Task directions
Your task is to write out every line of the data exactly. Drop the pictures.
[[ Dataset excerpt open ]]
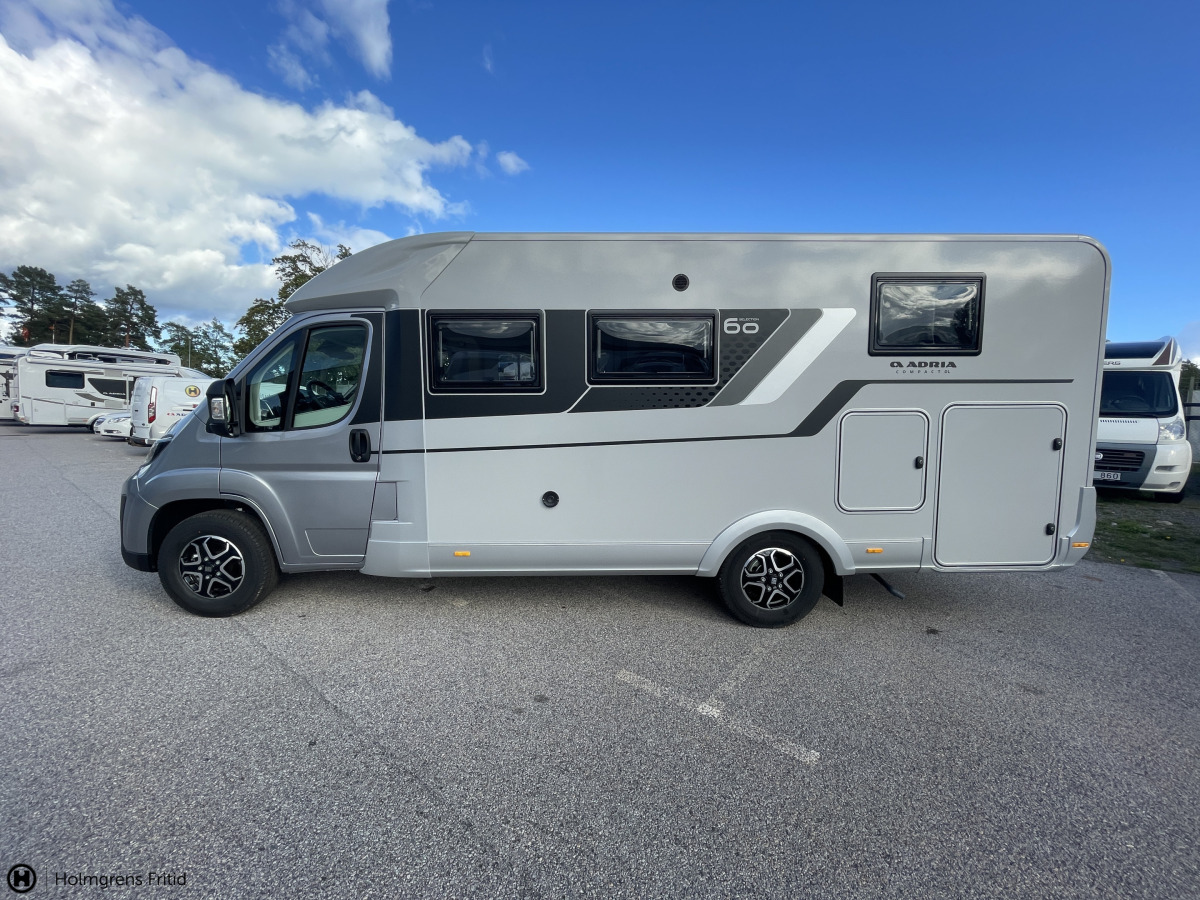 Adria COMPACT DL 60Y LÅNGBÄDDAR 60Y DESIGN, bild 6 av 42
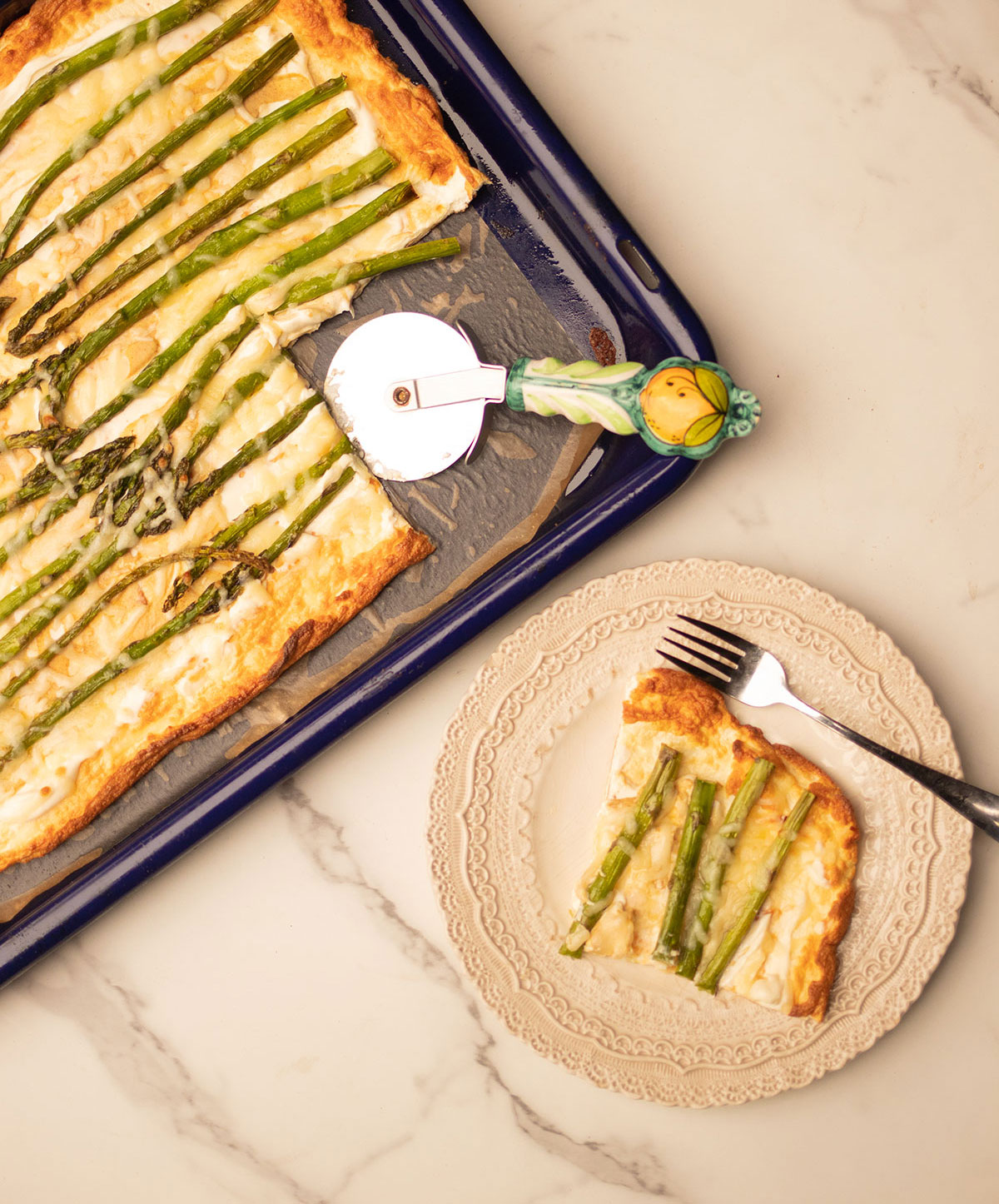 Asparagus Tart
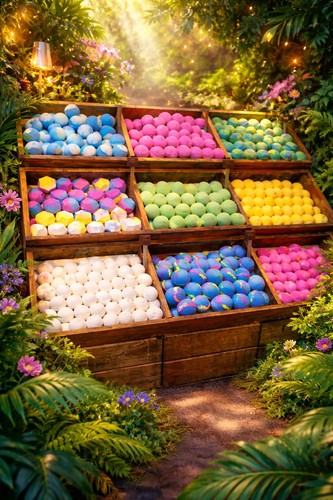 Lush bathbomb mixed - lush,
[[ Dataset excerpt closed ]]
Answer to this exercise
 Adria COMPACT DL 60Y LÅNGBÄDDAR 60Y DESIGN, bild 6 av 42
 Asparagus Tart
 Lush bathbomb mixed - lush,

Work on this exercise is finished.